Scrapy Playwright is the fastest way I know to keep Scrapy’s crawl speed while still extracting data from JavaScript-heavy pages—without rewriting your whole spider into a browser automation script. It’s not magic, though: you’re paying a CPU/RAM tax for a real browser, so the win is selective rendering, not “turn Playwright on everywhere.”
Scrapy Playwright review
I use Scrapy Playwright when plain Scrapy returns “perfectly valid HTML” that’s basically empty—because the real content shows up only after JavaScript runs, a selector appears, or a button/scroll event fires. The big upside is it plugs into Scrapy as a download handler, so my scheduling, pipelines, and item processing stay Scrapy-native while Playwright renders only the requests I explicitly flag. The downside is predictable: browsers are heavier than HTTP, and misuse (especially forgetting to close pages) can freeze a crawl in ways that feel like ghost bugs.
Features and benefits of Scrapy Playwright
Scrapy Playwright behaves like a Scrapy download handler that performs certain requests using Playwright for Python, so I can handle JS-required pages “as seen by the browser” while keeping Scrapy’s normal workflow intact. I enable it per-request with meta={“playwright”: True}, which prevents the “browser everywhere” slowdown and keeps my static pages on the normal Scrapy downloader.
Key benefits I actually care about in production:
- Selective JavaScript rendering using the playwright meta key, instead of rewriting spiders.
- Browser selection via PLAYWRIGHT_BROWSER_TYPE (chromium/firefox/webkit), which matters when sites behave differently across engines.
- Page interactions before parsing using playwright_page_methods and PageMethod(…) (click, wait, evaluate, screenshot, etc.).
- Multi-session isolation using browser contexts (PLAYWRIGHT_CONTEXTS + playwright_context meta) when I need separate cookies/storage.
- Safety knobs like PLAYWRIGHT_ABORT_REQUEST to block wasteful resources (images/media) to speed up dynamic web scraping.
How Scrapy Playwright works
Below is the “real-world” flow I follow when wiring Scrapy Playwright into a spider.
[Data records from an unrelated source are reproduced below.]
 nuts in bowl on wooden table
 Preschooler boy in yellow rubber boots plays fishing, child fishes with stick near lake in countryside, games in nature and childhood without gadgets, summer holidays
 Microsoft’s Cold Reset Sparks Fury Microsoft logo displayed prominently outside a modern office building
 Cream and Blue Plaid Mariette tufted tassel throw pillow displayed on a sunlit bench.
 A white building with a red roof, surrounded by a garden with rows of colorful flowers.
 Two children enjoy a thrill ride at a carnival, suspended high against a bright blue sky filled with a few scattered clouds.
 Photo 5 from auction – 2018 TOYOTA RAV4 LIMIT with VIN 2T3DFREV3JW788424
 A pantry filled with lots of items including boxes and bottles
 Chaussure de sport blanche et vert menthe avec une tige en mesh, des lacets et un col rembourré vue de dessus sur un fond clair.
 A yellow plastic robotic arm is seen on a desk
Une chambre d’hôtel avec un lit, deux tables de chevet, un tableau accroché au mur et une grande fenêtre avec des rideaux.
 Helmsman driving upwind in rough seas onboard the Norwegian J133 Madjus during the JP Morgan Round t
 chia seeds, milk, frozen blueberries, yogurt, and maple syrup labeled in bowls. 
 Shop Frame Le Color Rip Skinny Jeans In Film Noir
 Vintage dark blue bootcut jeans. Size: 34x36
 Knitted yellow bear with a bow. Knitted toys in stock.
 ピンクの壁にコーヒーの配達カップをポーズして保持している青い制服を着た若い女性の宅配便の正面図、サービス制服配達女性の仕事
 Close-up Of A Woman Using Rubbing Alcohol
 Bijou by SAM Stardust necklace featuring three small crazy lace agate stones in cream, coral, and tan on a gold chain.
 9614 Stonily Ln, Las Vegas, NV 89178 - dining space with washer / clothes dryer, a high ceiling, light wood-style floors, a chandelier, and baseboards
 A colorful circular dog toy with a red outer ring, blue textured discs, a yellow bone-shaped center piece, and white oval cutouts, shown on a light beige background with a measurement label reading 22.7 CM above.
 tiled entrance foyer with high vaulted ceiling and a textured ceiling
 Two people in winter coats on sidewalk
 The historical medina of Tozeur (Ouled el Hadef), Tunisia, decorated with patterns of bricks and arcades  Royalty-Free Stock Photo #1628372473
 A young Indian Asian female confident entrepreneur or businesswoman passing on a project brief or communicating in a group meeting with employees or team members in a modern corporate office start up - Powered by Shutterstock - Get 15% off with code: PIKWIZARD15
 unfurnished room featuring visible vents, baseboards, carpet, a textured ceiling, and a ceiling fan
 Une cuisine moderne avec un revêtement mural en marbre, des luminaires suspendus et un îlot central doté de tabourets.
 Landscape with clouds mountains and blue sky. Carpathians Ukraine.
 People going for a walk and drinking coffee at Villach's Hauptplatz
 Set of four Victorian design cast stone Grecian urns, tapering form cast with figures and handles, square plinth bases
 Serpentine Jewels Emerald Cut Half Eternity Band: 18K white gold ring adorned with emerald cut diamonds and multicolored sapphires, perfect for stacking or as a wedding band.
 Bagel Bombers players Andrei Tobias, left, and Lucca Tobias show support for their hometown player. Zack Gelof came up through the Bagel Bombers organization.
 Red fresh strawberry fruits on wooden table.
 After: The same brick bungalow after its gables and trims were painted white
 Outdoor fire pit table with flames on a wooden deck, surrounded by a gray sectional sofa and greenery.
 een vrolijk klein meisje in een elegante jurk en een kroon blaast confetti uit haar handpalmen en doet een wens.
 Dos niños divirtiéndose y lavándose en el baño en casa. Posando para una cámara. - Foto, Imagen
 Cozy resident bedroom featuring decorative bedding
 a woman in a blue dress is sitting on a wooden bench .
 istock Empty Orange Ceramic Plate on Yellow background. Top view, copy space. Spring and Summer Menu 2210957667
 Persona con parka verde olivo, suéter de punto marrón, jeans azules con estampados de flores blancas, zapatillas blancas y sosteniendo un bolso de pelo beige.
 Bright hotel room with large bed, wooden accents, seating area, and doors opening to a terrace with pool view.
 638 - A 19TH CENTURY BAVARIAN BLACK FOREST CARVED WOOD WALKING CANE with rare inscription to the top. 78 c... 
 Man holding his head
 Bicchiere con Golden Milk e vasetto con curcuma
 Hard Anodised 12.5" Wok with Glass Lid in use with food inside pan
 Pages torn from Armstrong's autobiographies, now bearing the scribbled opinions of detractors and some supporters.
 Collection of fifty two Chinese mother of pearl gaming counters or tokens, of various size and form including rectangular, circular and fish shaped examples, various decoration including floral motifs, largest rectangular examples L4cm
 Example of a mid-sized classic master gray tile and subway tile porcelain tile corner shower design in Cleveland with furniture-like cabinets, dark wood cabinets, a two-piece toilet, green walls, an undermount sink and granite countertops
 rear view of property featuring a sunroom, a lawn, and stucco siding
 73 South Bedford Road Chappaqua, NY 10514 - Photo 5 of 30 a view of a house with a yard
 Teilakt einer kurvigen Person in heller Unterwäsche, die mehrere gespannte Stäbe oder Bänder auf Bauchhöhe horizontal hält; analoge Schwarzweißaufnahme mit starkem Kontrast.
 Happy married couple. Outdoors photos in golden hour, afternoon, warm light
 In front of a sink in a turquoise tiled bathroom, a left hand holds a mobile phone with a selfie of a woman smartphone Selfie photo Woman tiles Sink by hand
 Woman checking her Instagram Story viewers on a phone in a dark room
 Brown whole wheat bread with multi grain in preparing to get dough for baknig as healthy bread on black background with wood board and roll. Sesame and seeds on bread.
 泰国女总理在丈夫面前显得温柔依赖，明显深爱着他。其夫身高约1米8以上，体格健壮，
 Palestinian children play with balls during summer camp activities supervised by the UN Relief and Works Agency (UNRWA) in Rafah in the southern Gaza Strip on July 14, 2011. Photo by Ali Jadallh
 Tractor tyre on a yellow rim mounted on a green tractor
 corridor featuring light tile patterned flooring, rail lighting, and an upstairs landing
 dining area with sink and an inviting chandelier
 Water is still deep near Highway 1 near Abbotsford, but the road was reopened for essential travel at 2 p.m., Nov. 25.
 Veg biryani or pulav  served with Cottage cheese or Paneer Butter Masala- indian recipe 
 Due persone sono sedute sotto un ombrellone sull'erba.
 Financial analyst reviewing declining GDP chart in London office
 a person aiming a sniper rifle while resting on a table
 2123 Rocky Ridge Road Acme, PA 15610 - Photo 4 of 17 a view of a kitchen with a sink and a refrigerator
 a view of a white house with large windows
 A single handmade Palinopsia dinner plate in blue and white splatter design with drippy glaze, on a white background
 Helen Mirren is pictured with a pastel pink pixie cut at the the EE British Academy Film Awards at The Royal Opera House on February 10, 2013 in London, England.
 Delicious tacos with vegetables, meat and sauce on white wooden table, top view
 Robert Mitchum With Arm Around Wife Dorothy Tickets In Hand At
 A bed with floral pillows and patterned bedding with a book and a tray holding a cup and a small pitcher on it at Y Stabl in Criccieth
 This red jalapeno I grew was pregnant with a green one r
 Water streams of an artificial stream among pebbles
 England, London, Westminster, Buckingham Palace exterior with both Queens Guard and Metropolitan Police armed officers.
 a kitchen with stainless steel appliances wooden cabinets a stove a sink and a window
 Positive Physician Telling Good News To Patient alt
Install the integration and browser binaries.
- pip install scrapy-playwright (package install)
- playwright install (download browser engines)
Activate Scrapy Playwright as a download handler in Scrapy settings.
- Set DOWNLOAD_HANDLERS[“http”] and DOWNLOAD_HANDLERS[“https”] to scrapy_playwright.handler.ScrapyPlaywrightDownloadHandler.
Ensure the asyncio-based Twisted reactor is enabled.
- Use TWISTED_REACTOR = “twisted.internet.asyncioreactor.AsyncioSelectorReactor” (this is default in new Scrapy projects since 2.7).
Mark only the requests that truly need browser rendering.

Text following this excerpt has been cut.